▶ Data
----------------
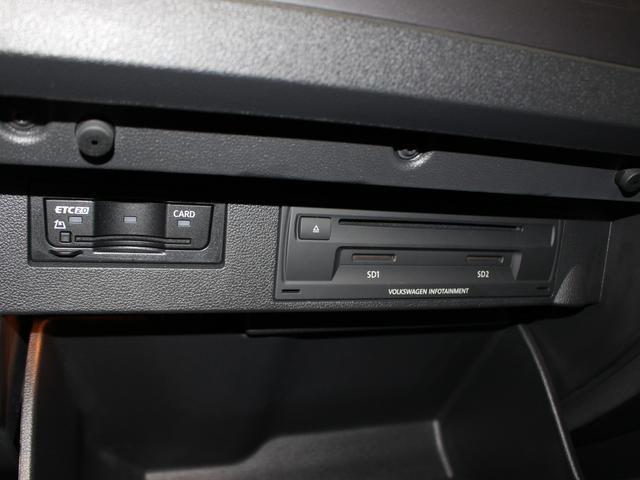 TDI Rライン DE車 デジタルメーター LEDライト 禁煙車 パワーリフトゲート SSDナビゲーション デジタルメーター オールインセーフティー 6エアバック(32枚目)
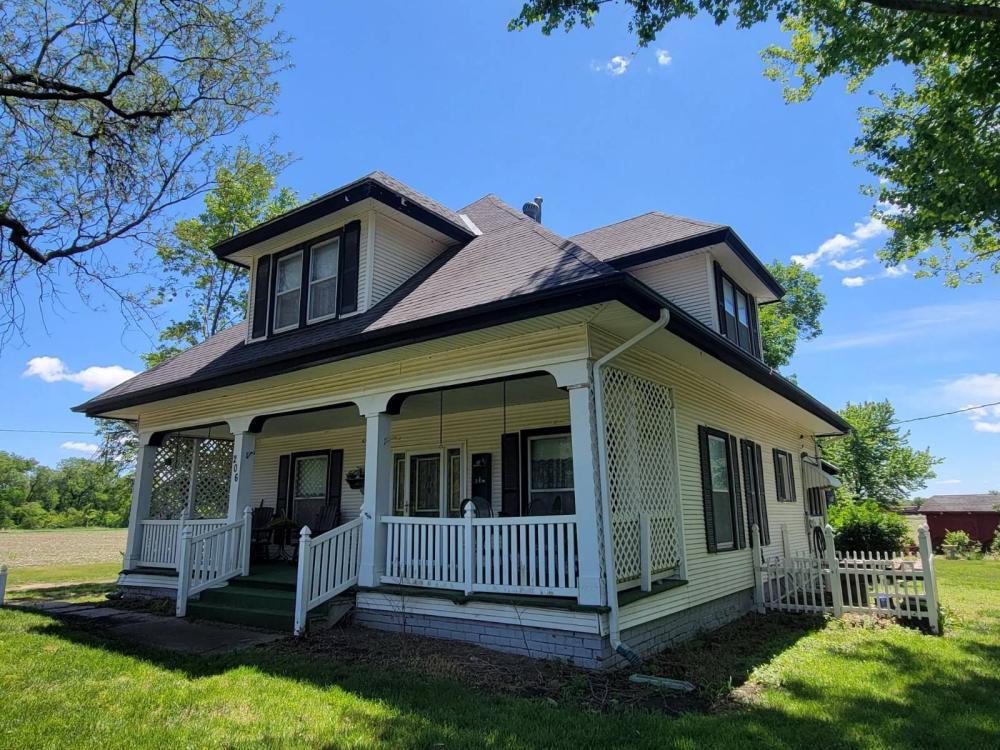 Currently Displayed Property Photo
----------------
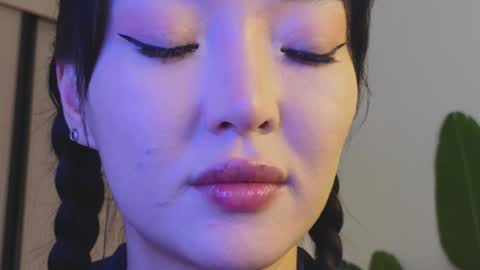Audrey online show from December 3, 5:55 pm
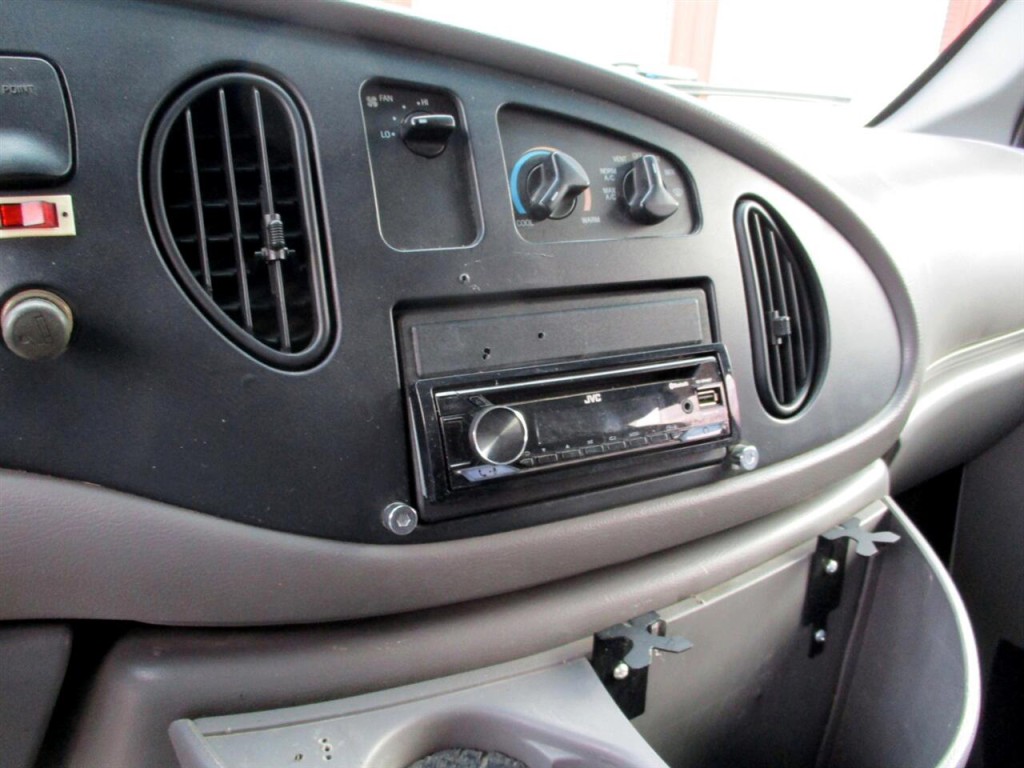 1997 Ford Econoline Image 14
----------------
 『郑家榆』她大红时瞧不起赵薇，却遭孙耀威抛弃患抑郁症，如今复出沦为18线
----------------
Word for word, repeat the lines above from the one with "TDI Rライン DE車" through the one with "Currently Displayed Property Photo", and nothing beyond them. Omit the pictures.

 TDI Rライン DE車 デジタルメーター LEDライト 禁煙車 パワーリフトゲート SSDナビゲーション デジタルメーター オールインセーフティー 6エアバック(32枚目)
 Currently Displayed Property Photo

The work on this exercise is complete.